*** Opening of Dataset records ***

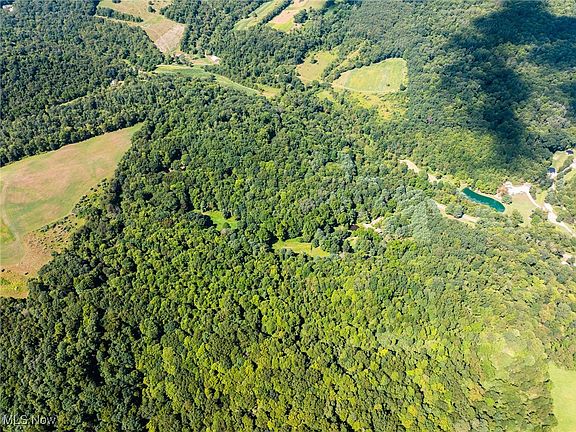 2nd image of 30733 County Road 401
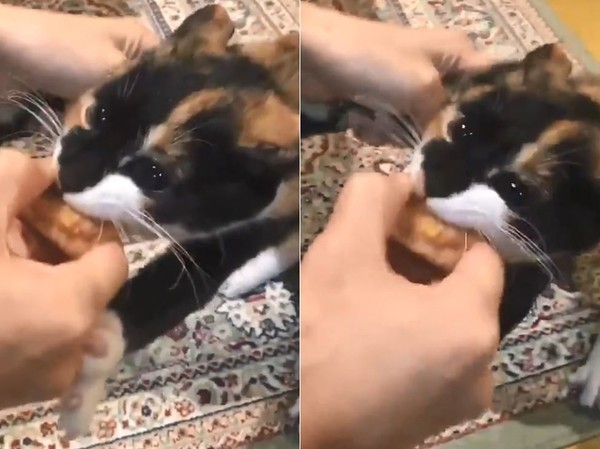▲▼貓咪偷吃炸雞塊。（圖／翻攝自Twitter@toki_sagase）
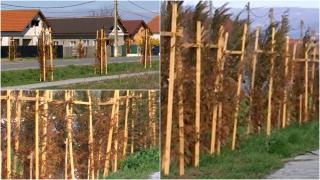 Investiție de aproape jumătate de milion de lei, eșuată. O primărie din Gorj a plantat sute de tuia pe marginea drumului, dar aceștia s-au uscat brusc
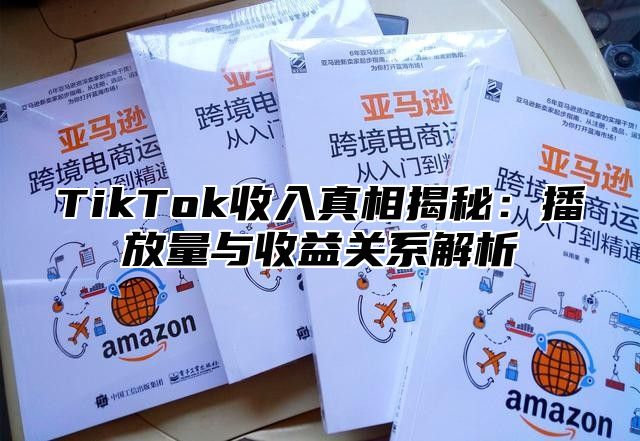 TikTok收入真相揭秘：播放量与收益关系解析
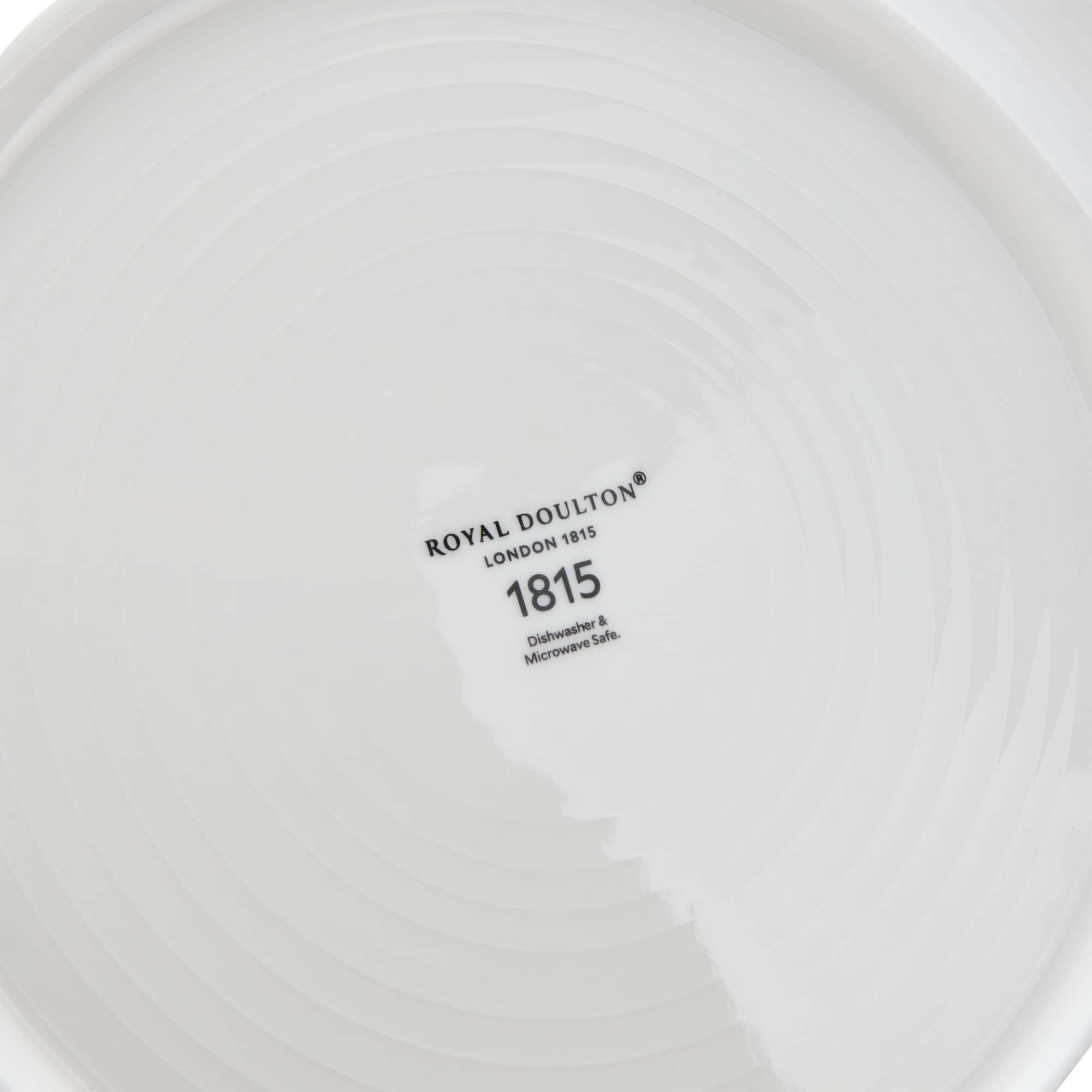 Royal Doulton Pacific Stone 11-Inch Dinner Plates Set of 4 - Elegant Stoneware Dinnerware for Everyday Use & Formal Dining - Microwave & Dishwasher Safe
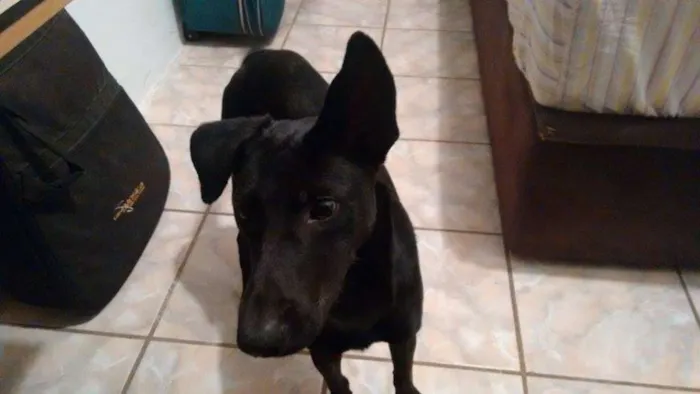 Cachorro ra a Indefinida idade 7 a 11 meses nome Marduk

*** Close of Dataset records ***

Task description
Pictures excluded, quote all the data above exactly.

Solution to the exercise
 2nd image of 30733 County Road 401
▲▼貓咪偷吃炸雞塊。（圖／翻攝自Twitter@toki_sagase）
 Investiție de aproape jumătate de milion de lei, eșuată. O primărie din Gorj a plantat sute de tuia pe marginea drumului, dar aceștia s-au uscat brusc
 TikTok收入真相揭秘：播放量与收益关系解析
 Royal Doulton Pacific Stone 11-Inch Dinner Plates Set of 4 - Elegant Stoneware Dinnerware for Everyday Use & Formal Dining - Microwave & Dishwasher Safe
 Cachorro ra a Indefinida idade 7 a 11 meses nome Marduk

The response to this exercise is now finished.